MCP performance and rate limits

Loomi Connect MCP applies rate limits and caches responses to protect service stability. This page covers performance considerations, how limits and cache behave, and what your client should do.

Performance

Dashboard-level APIs: Tools call the same APIs that power the Bloomreach UI, not dedicated backend endpoints. Responses can be slower or less consistent than a production API.
Analytics latency: Ad-hoc analytics computations can take 10 to 30 seconds on large datasets.
Cross-project calls: Cross-project overview tools make one API call per project and can be slow on organizations with many projects.

Rate limits

Rate limits prevent burst traffic from overwhelming downstream systems.

A single request can be subject to multiple limits. All applicable limits must pass before the tool runs.

If a request exceeds a limit, the MCP returns an error with retry guidance.
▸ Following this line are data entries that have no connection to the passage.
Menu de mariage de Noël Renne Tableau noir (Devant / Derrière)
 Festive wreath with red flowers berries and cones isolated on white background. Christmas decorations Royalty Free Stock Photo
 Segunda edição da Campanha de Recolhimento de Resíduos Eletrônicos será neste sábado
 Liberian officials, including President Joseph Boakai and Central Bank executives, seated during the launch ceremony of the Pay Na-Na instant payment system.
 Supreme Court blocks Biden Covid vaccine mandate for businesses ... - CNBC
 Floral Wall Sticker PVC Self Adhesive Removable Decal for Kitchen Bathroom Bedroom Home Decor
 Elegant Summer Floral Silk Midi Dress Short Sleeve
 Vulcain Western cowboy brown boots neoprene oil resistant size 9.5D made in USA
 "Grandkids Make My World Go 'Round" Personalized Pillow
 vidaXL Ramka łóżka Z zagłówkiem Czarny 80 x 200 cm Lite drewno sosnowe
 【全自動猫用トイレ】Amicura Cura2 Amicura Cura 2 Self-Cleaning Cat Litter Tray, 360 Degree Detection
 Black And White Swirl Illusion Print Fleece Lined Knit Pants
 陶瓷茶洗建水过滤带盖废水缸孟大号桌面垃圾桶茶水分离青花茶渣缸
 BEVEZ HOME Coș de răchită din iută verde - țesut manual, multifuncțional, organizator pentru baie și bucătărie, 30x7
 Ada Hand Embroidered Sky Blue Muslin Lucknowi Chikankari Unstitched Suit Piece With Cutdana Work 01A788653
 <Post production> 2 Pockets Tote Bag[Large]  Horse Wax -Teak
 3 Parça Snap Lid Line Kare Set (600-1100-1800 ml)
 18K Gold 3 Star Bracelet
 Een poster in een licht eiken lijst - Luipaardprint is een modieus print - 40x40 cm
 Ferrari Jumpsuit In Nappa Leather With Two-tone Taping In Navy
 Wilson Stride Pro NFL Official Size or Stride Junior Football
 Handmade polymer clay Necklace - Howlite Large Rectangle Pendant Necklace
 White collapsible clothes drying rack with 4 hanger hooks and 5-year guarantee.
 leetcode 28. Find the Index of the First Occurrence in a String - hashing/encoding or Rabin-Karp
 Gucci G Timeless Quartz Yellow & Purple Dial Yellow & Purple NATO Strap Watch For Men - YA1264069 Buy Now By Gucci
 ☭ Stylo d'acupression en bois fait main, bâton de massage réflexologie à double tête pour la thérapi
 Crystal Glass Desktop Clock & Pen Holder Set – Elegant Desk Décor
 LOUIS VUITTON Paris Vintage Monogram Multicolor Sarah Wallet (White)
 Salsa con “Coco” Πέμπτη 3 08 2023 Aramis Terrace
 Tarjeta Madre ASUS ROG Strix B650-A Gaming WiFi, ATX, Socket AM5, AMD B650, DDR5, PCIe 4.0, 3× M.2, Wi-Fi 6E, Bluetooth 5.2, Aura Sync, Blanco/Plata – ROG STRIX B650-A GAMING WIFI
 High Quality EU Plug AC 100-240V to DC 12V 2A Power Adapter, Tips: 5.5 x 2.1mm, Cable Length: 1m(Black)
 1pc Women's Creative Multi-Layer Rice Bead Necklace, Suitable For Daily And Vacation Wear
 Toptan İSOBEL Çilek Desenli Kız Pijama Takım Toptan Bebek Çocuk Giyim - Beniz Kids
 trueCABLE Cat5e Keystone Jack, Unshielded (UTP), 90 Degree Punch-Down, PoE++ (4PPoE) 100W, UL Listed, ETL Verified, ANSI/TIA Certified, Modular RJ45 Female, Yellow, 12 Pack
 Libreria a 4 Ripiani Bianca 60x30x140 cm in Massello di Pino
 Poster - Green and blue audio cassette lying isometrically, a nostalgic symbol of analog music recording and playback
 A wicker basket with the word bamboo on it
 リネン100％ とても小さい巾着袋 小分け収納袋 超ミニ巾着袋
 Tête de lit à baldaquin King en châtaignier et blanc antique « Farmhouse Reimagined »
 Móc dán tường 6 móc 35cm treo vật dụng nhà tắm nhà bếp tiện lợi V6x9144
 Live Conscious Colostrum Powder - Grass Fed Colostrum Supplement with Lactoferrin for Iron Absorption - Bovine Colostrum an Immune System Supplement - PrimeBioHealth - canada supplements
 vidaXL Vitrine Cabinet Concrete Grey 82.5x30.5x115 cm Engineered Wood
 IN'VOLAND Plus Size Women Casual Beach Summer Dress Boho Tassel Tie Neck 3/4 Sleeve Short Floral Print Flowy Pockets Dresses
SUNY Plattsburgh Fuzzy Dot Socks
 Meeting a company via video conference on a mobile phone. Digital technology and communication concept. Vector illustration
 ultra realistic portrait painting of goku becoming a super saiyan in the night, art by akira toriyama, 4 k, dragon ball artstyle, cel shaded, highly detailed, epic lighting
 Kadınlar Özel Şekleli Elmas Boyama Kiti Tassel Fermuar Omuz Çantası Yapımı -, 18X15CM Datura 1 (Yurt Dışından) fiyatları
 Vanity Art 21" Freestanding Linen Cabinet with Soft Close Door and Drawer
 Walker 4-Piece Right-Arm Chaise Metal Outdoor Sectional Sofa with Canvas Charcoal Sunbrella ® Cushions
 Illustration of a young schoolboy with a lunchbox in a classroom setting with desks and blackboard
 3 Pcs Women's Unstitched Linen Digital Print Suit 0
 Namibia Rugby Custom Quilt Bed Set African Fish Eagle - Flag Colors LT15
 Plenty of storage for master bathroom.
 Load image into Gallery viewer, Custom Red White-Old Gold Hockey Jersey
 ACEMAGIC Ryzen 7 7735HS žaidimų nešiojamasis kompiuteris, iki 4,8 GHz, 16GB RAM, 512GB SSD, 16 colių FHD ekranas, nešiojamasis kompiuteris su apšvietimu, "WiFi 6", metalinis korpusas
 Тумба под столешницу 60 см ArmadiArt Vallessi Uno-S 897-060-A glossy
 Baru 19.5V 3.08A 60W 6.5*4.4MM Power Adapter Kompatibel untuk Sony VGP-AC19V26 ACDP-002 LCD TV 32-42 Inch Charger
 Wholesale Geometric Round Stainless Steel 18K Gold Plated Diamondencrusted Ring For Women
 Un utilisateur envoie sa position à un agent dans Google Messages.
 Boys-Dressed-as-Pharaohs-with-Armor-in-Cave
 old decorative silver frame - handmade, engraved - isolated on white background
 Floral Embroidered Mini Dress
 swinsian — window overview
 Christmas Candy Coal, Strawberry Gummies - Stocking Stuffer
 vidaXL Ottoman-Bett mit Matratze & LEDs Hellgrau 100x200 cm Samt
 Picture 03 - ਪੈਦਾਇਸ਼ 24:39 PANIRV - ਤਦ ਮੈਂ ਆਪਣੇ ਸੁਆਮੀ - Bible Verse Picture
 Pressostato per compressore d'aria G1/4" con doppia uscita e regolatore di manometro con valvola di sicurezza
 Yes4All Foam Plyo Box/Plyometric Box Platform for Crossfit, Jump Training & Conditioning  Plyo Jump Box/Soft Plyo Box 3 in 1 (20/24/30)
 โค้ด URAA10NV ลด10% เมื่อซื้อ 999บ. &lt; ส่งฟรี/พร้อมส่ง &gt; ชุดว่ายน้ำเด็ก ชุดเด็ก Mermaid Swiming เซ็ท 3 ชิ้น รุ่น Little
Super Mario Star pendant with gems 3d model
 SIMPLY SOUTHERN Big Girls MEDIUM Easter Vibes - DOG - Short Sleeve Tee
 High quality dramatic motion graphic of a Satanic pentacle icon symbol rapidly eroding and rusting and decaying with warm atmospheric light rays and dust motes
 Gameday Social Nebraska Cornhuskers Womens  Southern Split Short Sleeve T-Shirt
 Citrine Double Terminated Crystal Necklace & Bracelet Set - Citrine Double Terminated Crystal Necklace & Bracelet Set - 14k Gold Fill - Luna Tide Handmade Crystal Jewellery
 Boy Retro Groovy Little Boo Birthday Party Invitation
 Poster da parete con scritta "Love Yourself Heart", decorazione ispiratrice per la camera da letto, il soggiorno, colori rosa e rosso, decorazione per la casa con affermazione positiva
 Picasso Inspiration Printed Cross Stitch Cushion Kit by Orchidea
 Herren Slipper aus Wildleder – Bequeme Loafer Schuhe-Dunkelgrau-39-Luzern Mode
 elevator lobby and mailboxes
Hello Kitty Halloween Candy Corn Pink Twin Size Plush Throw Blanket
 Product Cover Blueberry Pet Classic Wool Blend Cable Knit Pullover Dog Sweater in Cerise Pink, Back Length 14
Back off and retry once the suggested wait time has passed.

⚠️
Warning
The server returns the following error message in response if a tool call is rate limited:
Too many requests: rate limit reached for key '<key>' (<limit>). Retry after ~<N> second(s).

Downstream project APIs impose their own limits as well. Handle throttling errors even after a request passes MCP-level checks.

Handle rate limit errors

Apply retry and backoff logic in your client. Exponential backoff is a common pattern.

Caching

Loomi Connect MCP caches responses to reduce load on the Engagement API and improve latency. Expect some reads to come from cache. If your workflow depends on near-real-time data, account for a short delay between when a change is written and when it becomes visible in MCP reads.

Cache lifetimes

Cache lifetimes vary by resource type:

Resources that change frequently are cached for only a few seconds.
More stable metadata caches for longer.